Originally published on the NJCPA blog.

Cloud computing is disrupting CPA firms, their clients and the traditional norms of the external audit and quality control. Therefore, CPAs need to be on their guard.  

By definition, cloud computing is defined as a means for enabling on-demand access to shared pools of configurable computing resources (e.g., networks, servers, storage applications, services) that can be rapidly provisioned and released. Popular cloud deployment models include private clouds, public clouds, hybrid clouds and community clouds, while cloud service provider (CSP) services include Infrastructure as a Service (IaaS), Software as a Service (SaaS) and Platform as a Service (PaaS).

Challenges Exist

By going to the cloud, essentially you are extending beyond the company's hosting of the software on premise (four walls) and controlling access to the company's network and data the old fashioned way. However, current security models are not designed to accommodate the growing virtual nature of the extended enterprise, which creates a conflict either by limiting a company’s ability to conduct business or by putting the business at risk.

Continued investment in traditional approaches to security will be prohibitively ineffective and costly.
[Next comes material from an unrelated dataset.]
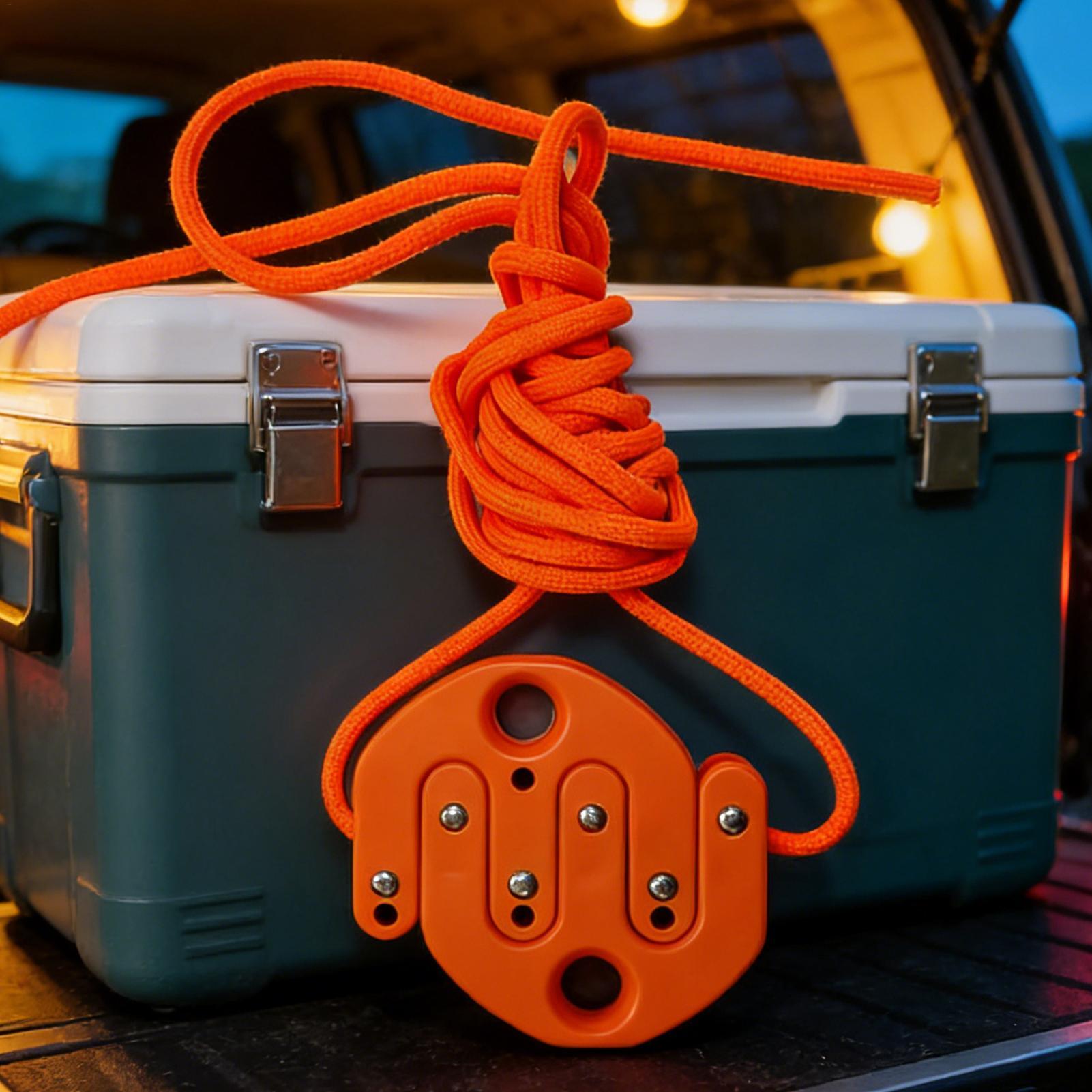 ระบบยกแบบพกพาพร้อมรอกสำหรับแขว - Outdoor Camping Games บทวิจารณ์และราคา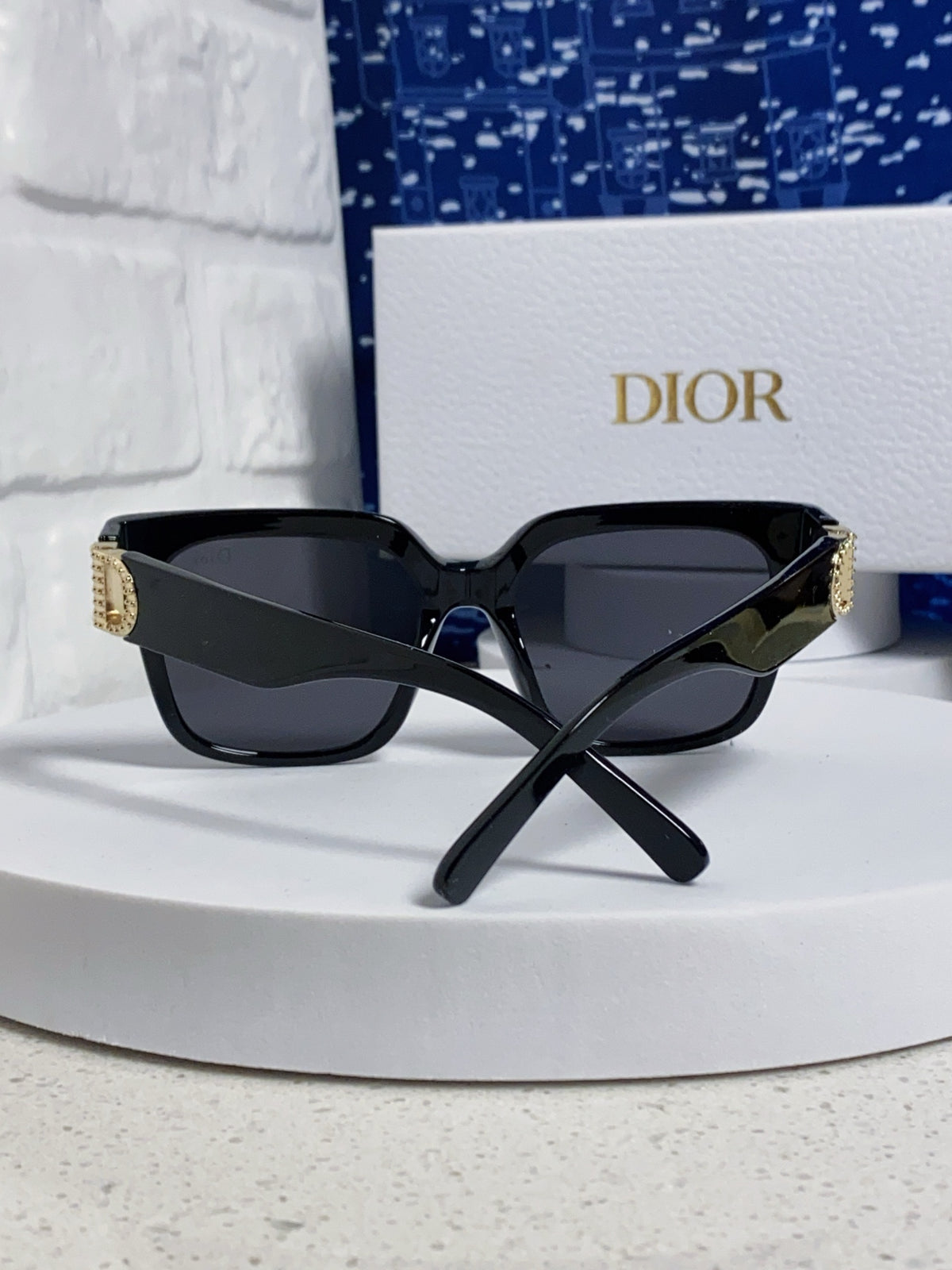 Dior Oversized Black Lens Sunglasses for Women - detail image 3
New approaches to securing the enterprise that are aligned with today’s corporate environment are critical to maintain both an acceptable level of risk and a manageable cost.

CPAs will need to make selective changes to accept cloud-computing-related engagements, such as training staff, securing subject experts, and protecting the privacy of client data accessed through clients and their CSP clouds and stored on the CPA firm’s clouds.

Audit clients who move some or all of their accounting systems to public clouds introduce complexity, disruption and risk. For example, a cloud computing environment often integrates third-party CSPs, and potentially fourth-party sub-contracted CSPs, into the client’s accounting system and control environment. This creates a complex web of CSPs that results in shared responsibilities between the client and CSPs for financial accounting data, cybersecurity and internal control over financial reporting (ICFR), service organizations control (SOC) reporting and assurance services. 

Such material changes to the control environment and accounting system require auditors to obtain an understanding of the company’s environment and risks as a basis for assessing the risk of material misstatement (RMM) of the financial statements. CSPs provide SOC internal control reports (SOC 1, SOC 2, SOC 3 and SOC for Cybersecurity) on the third-party services provided by them.

Cloud computing also impacts CPA assurance providers in several ways, such as obtaining an understanding of the audit client’s cloud environment; identifying and assessing the RMM; defining the role to be served by SOC reports; and assessing the impact of the client’s and the firm’s cloud computing activities on the firm’s compliance with generally accepted auditing standards (GAAS) Quality Control Standards.

In its 2020/21 request for comment, the AICPA Auditing Standards Board (ASB) recognized that “Rapid developments in technologies are having a profound effect on audit and assurance engagements, including the use of automated tools and techniques and changes in how engagement teams are structured and interact.” They also noted that to “keep our standards relevant in a changing environment,” the ASB commits to monitoring the use of innovative technologies and determining whether the standards in place for the acceptance of clients and service performance are appropriate.